Pre-made dictionaries exist.
These include the
- `afinn` which includes a list of sentiment-laden words that appeared in Twitter discussions of climate change
- `bing` which includes sentiemnt words identified on online forums;
- and `nrc` which is a dictionary that was created by having workers on Amazon mechanical Turk code the emotional valence of a long list of terms.
  
These algorithims often produce similar results, even though they are trained on different datasets (meaning they identify sentiment laden words using different corpora). Each of these dictionaries only describe sentiment-laden words in the English language.

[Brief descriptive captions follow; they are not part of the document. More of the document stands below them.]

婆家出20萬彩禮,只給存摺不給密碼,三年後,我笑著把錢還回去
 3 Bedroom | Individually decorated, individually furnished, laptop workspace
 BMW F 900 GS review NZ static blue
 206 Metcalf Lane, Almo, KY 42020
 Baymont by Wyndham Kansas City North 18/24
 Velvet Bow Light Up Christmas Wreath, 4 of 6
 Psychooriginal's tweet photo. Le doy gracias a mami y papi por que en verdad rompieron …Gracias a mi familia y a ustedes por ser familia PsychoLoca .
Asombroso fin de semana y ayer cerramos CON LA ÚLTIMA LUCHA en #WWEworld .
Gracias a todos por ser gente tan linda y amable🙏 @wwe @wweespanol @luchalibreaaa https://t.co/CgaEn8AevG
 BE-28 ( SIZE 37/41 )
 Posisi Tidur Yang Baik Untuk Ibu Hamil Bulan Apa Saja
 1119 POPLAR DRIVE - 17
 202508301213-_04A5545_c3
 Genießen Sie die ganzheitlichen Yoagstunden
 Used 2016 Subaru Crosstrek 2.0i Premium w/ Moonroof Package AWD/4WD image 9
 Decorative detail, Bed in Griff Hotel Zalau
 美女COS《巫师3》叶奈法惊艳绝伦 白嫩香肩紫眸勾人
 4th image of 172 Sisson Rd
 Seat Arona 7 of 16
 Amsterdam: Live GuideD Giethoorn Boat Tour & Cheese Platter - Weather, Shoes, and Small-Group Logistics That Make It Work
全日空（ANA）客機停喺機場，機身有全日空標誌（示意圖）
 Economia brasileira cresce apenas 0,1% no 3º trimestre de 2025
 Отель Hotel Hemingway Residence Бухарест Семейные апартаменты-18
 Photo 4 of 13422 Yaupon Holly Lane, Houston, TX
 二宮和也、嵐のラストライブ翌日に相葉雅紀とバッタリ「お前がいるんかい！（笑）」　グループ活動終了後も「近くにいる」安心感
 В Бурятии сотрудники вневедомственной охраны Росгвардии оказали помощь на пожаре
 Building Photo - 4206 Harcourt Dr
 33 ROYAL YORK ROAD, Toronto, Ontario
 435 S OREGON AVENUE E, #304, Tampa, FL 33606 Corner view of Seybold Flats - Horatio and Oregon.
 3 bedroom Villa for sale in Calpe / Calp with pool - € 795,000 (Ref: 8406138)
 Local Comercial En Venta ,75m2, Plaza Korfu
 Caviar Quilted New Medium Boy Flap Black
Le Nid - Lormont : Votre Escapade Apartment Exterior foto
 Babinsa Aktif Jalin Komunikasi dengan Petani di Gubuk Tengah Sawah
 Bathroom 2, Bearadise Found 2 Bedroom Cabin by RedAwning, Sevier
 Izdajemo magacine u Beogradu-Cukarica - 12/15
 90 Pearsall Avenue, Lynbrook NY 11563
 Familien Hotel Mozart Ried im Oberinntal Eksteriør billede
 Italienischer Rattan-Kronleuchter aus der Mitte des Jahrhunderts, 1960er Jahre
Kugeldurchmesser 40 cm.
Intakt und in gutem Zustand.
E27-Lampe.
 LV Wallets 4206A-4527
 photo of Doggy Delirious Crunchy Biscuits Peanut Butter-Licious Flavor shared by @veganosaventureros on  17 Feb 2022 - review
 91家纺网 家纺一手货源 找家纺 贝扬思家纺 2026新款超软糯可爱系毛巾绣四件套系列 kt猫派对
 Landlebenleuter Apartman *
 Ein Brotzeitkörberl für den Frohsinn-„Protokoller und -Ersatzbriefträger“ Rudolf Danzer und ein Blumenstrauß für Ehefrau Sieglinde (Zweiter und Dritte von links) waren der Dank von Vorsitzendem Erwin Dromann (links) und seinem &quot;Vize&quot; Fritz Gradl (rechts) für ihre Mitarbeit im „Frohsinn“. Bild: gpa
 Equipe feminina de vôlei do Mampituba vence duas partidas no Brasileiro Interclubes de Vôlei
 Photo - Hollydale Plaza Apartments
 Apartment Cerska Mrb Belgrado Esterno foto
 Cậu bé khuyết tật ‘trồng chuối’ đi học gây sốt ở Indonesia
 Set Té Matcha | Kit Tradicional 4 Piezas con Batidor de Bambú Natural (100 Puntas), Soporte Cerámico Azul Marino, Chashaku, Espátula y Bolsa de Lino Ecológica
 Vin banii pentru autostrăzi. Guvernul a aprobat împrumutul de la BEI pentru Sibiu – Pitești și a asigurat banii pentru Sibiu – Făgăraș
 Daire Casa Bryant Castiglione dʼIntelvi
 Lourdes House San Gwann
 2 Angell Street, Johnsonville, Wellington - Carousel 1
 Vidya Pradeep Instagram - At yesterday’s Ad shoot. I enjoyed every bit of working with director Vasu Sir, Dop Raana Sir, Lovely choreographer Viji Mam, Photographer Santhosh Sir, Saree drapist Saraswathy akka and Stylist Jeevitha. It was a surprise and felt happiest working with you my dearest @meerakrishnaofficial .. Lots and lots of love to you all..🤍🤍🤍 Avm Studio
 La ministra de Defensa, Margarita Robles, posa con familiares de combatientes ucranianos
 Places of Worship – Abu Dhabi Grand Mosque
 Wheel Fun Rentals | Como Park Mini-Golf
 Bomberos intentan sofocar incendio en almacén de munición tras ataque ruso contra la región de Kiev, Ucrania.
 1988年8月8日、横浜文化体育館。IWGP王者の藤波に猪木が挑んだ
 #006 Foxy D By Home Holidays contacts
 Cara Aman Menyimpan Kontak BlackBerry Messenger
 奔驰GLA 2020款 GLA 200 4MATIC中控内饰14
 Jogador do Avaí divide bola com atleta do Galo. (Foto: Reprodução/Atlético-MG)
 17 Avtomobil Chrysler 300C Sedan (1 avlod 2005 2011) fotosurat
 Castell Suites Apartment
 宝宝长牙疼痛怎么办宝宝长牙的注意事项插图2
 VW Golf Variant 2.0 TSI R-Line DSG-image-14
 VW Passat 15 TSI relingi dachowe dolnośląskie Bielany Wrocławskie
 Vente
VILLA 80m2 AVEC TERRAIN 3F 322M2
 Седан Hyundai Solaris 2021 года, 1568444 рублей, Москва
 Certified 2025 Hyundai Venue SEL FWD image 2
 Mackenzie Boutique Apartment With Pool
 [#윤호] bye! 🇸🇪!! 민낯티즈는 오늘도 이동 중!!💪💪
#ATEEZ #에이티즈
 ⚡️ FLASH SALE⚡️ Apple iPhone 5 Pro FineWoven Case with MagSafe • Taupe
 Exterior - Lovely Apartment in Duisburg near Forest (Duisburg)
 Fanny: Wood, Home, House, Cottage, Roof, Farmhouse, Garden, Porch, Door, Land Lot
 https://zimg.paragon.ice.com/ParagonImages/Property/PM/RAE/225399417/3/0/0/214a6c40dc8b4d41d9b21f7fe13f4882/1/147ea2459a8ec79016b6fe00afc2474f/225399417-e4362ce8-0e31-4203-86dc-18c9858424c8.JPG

They also have different scales.

We are going to used a good pre-trained dictionary called VADER, part of the NLTK package in Python.

In [1]:
import nltk
from nltk.sentiment import SentimentIntensityAnalyzer
nltk.download('vader_lexicon')
sia = SentimentIntensityAnalyzer()
sia.polarity_scores("murder")

[nltk_data] Downloading package vader_lexicon to
[nltk_data]     C:\Users\monkt\AppData\Roaming\nltk_data...


{'neg': 1.0, 'neu': 0.0, 'pos': 0.0, 'compound': -0.6908}

## Question 3
This returns a dictionary with the sentiment scores of the phrase for different models (neg, neu, pos or compound.)

The VADER algorithm outputs sentiment scores to 4 classes of sentiments https://github.com/nltk/nltk/blob/develop/nltk/sentiment/vader.py#L441:
- neg: Negative
- neu: Neutral
- pos: Positive
- compound: Compound (i.e. aggregated score)


 This gives you enough now to perform the main task: understand how sentiment has changed over time for Trumps tweets - in whatever way you wish. Make sure you find the sentiment for each word only, even though NLTK will allow you to do more.
 - It may be useful just to understand the number of negative words in a Tweet, as something to track over time simply.